● **Input for this task**
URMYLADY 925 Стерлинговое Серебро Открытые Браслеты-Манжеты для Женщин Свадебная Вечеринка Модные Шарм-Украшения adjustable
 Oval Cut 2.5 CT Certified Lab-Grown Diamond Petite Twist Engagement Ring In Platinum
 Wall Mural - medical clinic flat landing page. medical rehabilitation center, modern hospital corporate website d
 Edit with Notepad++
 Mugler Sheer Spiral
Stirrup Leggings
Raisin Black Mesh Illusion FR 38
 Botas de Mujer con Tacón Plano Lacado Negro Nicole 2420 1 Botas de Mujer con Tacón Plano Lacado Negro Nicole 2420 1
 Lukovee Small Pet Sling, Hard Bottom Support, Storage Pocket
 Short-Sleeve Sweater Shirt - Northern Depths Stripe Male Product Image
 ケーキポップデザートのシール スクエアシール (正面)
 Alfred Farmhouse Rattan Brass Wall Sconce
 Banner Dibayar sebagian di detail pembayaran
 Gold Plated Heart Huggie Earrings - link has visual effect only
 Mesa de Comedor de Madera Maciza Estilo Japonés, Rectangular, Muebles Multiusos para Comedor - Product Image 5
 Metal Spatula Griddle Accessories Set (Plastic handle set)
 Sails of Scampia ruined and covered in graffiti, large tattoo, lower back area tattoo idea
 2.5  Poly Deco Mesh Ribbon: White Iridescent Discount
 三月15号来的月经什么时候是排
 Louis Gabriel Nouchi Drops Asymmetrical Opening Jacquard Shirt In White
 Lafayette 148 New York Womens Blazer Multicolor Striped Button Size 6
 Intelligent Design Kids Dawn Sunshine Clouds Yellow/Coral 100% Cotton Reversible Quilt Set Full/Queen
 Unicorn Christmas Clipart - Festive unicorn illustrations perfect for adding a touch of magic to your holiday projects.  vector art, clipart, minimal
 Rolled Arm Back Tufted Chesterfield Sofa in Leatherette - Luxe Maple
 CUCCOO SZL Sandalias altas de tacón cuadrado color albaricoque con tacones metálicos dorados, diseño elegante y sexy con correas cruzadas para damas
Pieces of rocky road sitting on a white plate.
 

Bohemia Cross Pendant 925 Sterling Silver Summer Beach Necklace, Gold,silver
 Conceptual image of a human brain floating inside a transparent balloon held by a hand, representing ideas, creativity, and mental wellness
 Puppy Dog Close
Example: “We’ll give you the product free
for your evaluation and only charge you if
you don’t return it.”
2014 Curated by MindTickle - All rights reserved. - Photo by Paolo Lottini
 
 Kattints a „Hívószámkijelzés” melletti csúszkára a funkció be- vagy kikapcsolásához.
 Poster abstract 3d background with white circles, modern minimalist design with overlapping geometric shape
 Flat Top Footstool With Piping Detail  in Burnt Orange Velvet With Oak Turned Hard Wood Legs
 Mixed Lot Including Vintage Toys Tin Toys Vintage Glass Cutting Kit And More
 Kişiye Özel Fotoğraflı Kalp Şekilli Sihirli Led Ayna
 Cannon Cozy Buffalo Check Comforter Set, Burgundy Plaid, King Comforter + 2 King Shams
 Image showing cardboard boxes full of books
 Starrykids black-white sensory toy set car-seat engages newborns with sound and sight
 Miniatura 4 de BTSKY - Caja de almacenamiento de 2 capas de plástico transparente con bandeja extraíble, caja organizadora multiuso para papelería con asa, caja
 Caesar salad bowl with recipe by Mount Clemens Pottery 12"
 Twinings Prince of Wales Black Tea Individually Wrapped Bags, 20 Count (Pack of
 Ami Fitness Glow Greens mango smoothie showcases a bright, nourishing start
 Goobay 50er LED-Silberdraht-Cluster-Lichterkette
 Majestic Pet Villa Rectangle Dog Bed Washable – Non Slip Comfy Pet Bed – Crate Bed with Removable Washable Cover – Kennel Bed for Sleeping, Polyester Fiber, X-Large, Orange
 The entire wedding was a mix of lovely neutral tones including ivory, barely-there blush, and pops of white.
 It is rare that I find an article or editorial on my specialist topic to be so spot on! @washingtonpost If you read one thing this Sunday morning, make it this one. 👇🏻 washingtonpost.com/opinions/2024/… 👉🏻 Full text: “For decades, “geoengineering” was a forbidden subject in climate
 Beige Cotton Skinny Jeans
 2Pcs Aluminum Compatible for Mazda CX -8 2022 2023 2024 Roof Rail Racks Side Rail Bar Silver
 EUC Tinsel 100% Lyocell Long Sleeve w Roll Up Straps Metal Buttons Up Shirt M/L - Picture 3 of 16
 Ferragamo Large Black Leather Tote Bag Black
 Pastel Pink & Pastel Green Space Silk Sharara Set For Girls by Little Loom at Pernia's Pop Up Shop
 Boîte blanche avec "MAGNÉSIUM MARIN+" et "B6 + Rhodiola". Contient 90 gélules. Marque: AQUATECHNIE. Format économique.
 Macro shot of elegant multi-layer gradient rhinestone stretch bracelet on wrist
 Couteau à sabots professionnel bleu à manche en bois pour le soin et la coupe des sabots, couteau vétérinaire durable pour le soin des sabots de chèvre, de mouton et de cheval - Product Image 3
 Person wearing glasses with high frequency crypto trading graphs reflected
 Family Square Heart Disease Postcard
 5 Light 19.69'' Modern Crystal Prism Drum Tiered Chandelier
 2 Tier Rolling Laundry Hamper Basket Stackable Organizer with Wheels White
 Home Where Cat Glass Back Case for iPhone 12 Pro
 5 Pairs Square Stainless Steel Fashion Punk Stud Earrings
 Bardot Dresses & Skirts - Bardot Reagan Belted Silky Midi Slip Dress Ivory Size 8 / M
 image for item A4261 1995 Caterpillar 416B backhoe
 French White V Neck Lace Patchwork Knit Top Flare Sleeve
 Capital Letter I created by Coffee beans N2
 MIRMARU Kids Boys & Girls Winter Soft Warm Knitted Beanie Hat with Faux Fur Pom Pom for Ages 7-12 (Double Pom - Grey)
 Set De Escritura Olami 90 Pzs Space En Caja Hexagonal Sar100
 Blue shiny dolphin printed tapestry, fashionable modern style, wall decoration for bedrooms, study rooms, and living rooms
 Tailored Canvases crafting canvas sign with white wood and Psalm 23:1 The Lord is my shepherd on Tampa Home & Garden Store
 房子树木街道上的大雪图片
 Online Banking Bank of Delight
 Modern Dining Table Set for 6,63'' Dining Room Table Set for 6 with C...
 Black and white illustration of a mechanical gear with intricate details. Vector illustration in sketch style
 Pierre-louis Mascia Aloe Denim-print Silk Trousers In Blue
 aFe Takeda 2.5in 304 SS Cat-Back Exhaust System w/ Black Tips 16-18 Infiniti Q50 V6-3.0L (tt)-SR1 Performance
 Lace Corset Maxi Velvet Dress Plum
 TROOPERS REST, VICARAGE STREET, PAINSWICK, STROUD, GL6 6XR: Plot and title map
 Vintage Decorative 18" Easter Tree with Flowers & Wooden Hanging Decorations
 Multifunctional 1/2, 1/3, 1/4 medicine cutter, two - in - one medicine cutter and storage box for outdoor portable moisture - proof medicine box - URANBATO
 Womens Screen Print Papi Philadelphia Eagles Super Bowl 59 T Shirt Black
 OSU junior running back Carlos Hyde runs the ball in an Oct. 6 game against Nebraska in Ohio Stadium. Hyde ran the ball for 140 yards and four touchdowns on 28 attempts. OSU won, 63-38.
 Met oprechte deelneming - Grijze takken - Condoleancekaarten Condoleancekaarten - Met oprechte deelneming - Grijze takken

● **Task description**
Please give back only the lines starting with the one that contains "Family Square Heart Disease Postcard" and ending with the last line of the listing, retyped exactly.

● **Reply**
 Family Square Heart Disease Postcard
 5 Light 19.69'' Modern Crystal Prism Drum Tiered Chandelier
 2 Tier Rolling Laundry Hamper Basket Stackable Organizer with Wheels White
 Home Where Cat Glass Back Case for iPhone 12 Pro
 5 Pairs Square Stainless Steel Fashion Punk Stud Earrings
 Bardot Dresses & Skirts - Bardot Reagan Belted Silky Midi Slip Dress Ivory Size 8 / M
 image for item A4261 1995 Caterpillar 416B backhoe
 French White V Neck Lace Patchwork Knit Top Flare Sleeve
 Capital Letter I created by Coffee beans N2
 MIRMARU Kids Boys & Girls Winter Soft Warm Knitted Beanie Hat with Faux Fur Pom Pom for Ages 7-12 (Double Pom - Grey)
 Set De Escritura Olami 90 Pzs Space En Caja Hexagonal Sar100
 Blue shiny dolphin printed tapestry, fashionable modern style, wall decoration for bedrooms, study rooms, and living rooms
 Tailored Canvases crafting canvas sign with white wood and Psalm 23:1 The Lord is my shepherd on Tampa Home & Garden Store
 房子树木街道上的大雪图片
 Online Banking Bank of Delight
 Modern Dining Table Set for 6,63'' Dining Room Table Set for 6 with C...
 Black and white illustration of a mechanical gear with intricate details. Vector illustration in sketch style
 Pierre-louis Mascia Aloe Denim-print Silk Trousers In Blue
 aFe Takeda 2.5in 304 SS Cat-Back Exhaust System w/ Black Tips 16-18 Infiniti Q50 V6-3.0L (tt)-SR1 Performance
 Lace Corset Maxi Velvet Dress Plum
 TROOPERS REST, VICARAGE STREET, PAINSWICK, STROUD, GL6 6XR: Plot and title map
 Vintage Decorative 18" Easter Tree with Flowers & Wooden Hanging Decorations
 Multifunctional 1/2, 1/3, 1/4 medicine cutter, two - in - one medicine cutter and storage box for outdoor portable moisture - proof medicine box - URANBATO
 Womens Screen Print Papi Philadelphia Eagles Super Bowl 59 T Shirt Black
 OSU junior running back Carlos Hyde runs the ball in an Oct. 6 game against Nebraska in Ohio Stadium. Hyde ran the ball for 140 yards and four touchdowns on 28 attempts. OSU won, 63-38.
 Met oprechte deelneming - Grijze takken - Condoleancekaarten Condoleancekaarten - Met oprechte deelneming - Grijze takken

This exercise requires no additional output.